Sunday, February 10, 2019

My Log 698 Feb 10 2019: Chronicles from my Tenth Decade: 132; My latest post on Facebook by Ben Richardson; a Canadian take on US healthcare.

My eldest son Ben, who lives in Austin, Texas, has recently described his experiences when searching for adequate health care, which has always come at an extravagant price, and has compared it with the single payer system in Canada.  This is a  detailed ailment-by-ailment account that should convince the most sceptical reader. I am happy to open up my Chronicles to allow for such an eloquent piece on the superiority of socialized medicine to one dominated by private profit.

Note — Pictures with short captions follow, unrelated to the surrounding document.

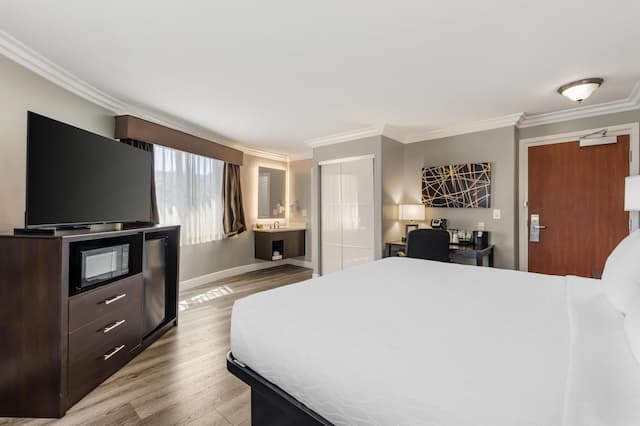 貝斯特韋斯特普拉斯洛杉磯米德頓飯店-標準客房, 1 張特大雙人床, 冰箱和微波爐, 邊間-2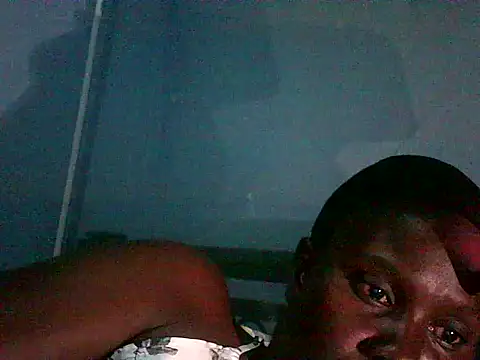 creamyebony5 online show from 05.17.26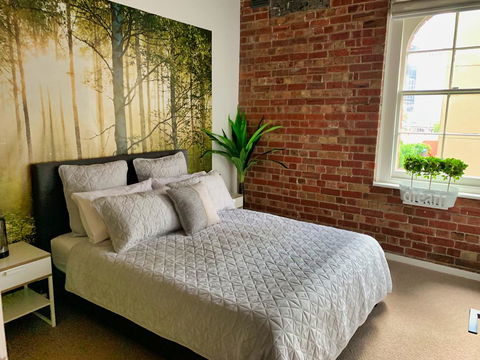 Ultra-chic Top Floor New York Style Loft Apartment - Accommodation Newcastle 3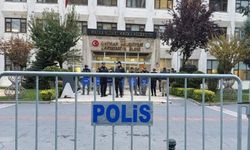 Kayyım atanan Batman Belediyesi önünde polise mukavemette bulunan 9 kişi gözaltına alındı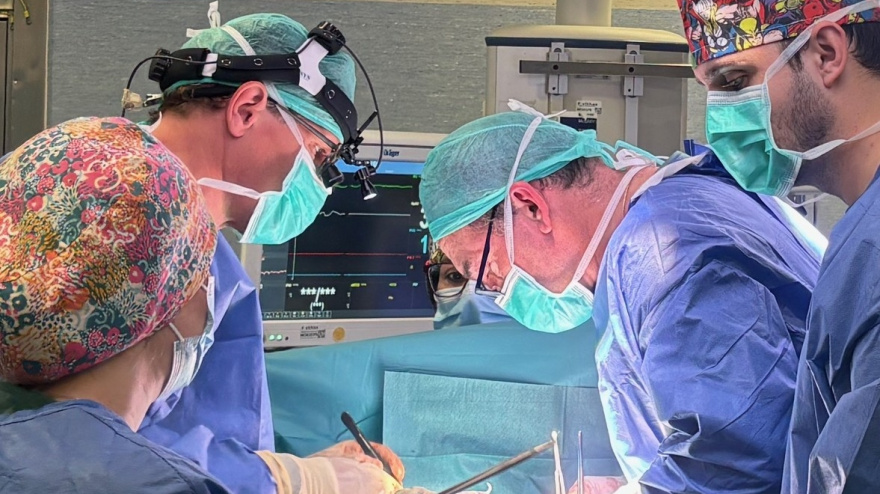 Dr. Pedro Aranda durante una cirugía cardíaca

I am getting really sick of people telling me that single payer healthcare is a pipe dream.  It has worked so well for so many countries.  The people who are against it really want to maintain the status quo.  I’m not shitting on Obamacare because it is so much better than what came before it, but it is basically flawed without the single payer option.
        After ten years of living in the US as a non resident alien on assorted work visas, I met my wife Natalie in 2012 and we were married in 2014.  Natalie, while generally healthy has a lot of stomach problems and some other ailments.  
I got my Permanent Resident status in 2015 in time to sign up for Obamacare.  As I am a self employed musician/touring soundman and she is in the service industry we average around between $20000 to $45000 a year taxable income (depending on how much work I can drum up).  So when we signed up, we picked a Silver Plan from Humana, which seemed like a good deal.  $6900 a year was the cost of the plan, but with the subsidy we only had to pay $1440 a year.  For this we got Primary Care doctor and urgent care visits for a $35 copay, Specialists were $50 copay.  Anything extra we had to pay 100% till we reached a $1400 deductible and once we reached that limit, we had to pay a coinsurance of 20%.  Once we reached $4500 in additional spending the insurance would cover 100% from then on.  Drugs were also cheaper through the plan
It worked fairly well for the first few months until I got an unanticipated job for quite a bit more money.  Once I had corrected my projected income through the Obamacare website our subsidy dropped and our yearly payment rose to a total of $3840.
The coverage was good. Humana had lots of urgent care clinics in their network.  While we never got around to using the policy to it’s full potential (finding a primary care doctor, having a physical etc..), whenever Natalie had a problem, we would go to the appropriate provider and for $35 she could see a doctor.  A couple of times, I got small bills in the mail for tests and such for around $100-$150 which I paid with no problem.  
This year when I went to renew, I found that the Humana plan we were on had raised it’s rates by about $150 extra a month.  So I went on the website and tried to find a similar Silver Plan.  I found one from Ambetter that was about the same cost as the Humana plan had been in 2015.  It seemed similar, although i had to admit the whole process is quite confusing and not set up well for comparisons between plans.
Well a few days after that Natalie got sick at work, and the next day I went on the Ambetter website to find a doctor to take her to.  The first couple of clinics that came up were both less than a mile away from our house.  That seemed like a good sign, but was not to be.  The first clinic turned out to be the clinic inside the Del Valle Jail.  The second clinic on the list turned out to be the children's clinic inside the Delle Valle Primary School.  The next two places I called, only took appointments and didn’t have anything available till next week.  the next place I called, the woman registered us, then had a consultation over the phone with Natalie.  After spending a good thirty minutes on the phone, she told us that no one was available and to go to the emergency room.  She was extremely insistent that she should go right away.  I asked her if she could recommend any urgent care clinics and she kept insisting that we go to emergency.  I finally searched urgent care on the Ambetter website and was directed to the only one in Austin. It turned out to be inside a CVS drugstore.  When we got there, the nurse said that they didn’t have any doctors there and that Natalie should go to emergency.  I finally got a guy from Ambetter on the phone and as it was getting late, he said that he would find us a doctor early the next morning.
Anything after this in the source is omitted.